Antoine Math, Alexis Spire
Paru en 1999 dans Plein droit, la revue du Gisti [1], le texte qui suit reste malheureusement d’actualité puisque l’interdiction aux étrangers « non-européens » de 30% des emplois disponibles sur la marché du travail perdure toujours en 2010, à de rarissimes exceptions près (la plus notable étant celle de la RATP qui a ouvert ses 45000 emplois à tou-te-s en 2002) et dans une indifférence quasi-générale – comme vient de le souligner la lamentable « volte-face inopinée » de l’UMP sur la question.
Article
« Cela me choque d’autant moins que l’on discute tranquillement de la préférence nationale [en matière de prestations sociales] qu’elle existe déjà dans la fonction publique. »
Nicolas Sarkozy [2]
Si « l’intégration » a longtemps focalisé l’attention des pouvoirs publics, des voix s’élèvent depuis peu pour davantage souligner le rôle des formes de ségrégation et de discrimination, notamment sur le marché du travail [3]. Ces préoccupations portent sur des discriminations illégales dont sont victimes des individus du fait de leur apparence physique ou de leur nom, et face auxquelles il est difficile de faire appliquer le droit.

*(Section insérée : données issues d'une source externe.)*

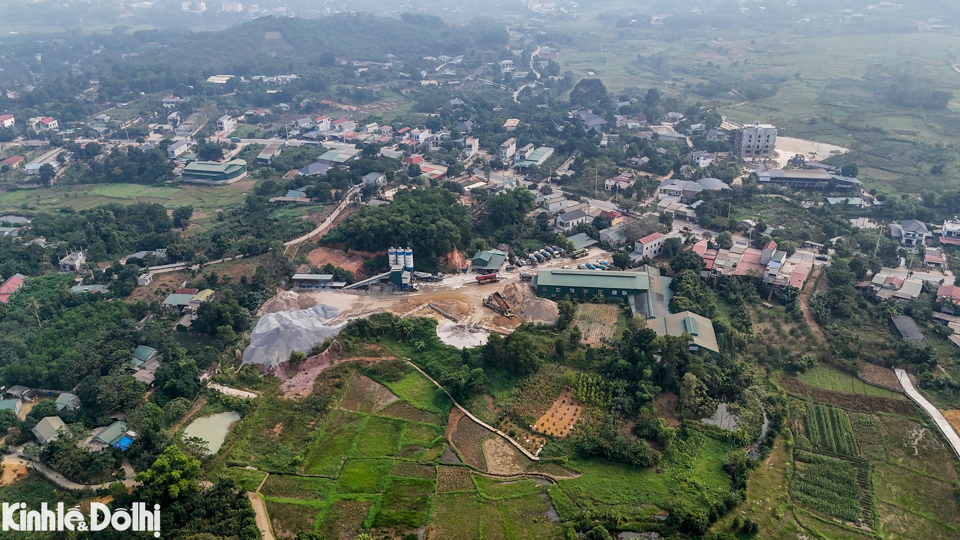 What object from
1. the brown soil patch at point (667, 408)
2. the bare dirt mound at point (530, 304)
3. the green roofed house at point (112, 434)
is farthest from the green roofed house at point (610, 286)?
the green roofed house at point (112, 434)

Ceci ne doit toutefois pas masquer les effets des discriminations légales beaucoup plus rarement abordées dans le débat public mais qui n’en demeurent pas moins massives. Fondées sur le critère juridique de la nationalité, elles consistent à réserver l’accès de certaines professions aux Français (ou aux Européens).
Sans reprendre toute la genèse sociale et historique des discriminations à l’égard des étrangers rappelons que la décision de leur interdire certaines professions a souvent été prise lors de crises économiques : adoptées dans l’urgence et de manière provisoire, ces mesures se sont pour la plupart maintenues au fil du temps. Elles ont également pu être motivées par un certain clientélisme politique visant à protéger les nationaux d’une main-d’œuvre concurrente.
C’est la raison pour laquelle ce sont plutôt dans les secteurs privilégiés du marché du travail, c’est-à-dire les professions où les statuts sont le plus stables et les rémunérations les plus élevées, que ces interdictions pèsent le plus. Sans reprendre de façon exhaustive l’état des lieux déjà établi par d’autres [4], il nous paraît utile d’évaluer l’ampleur de ces interdictions ainsi que les conséquences sur la structure et la dynamique de l’emploi des étrangers.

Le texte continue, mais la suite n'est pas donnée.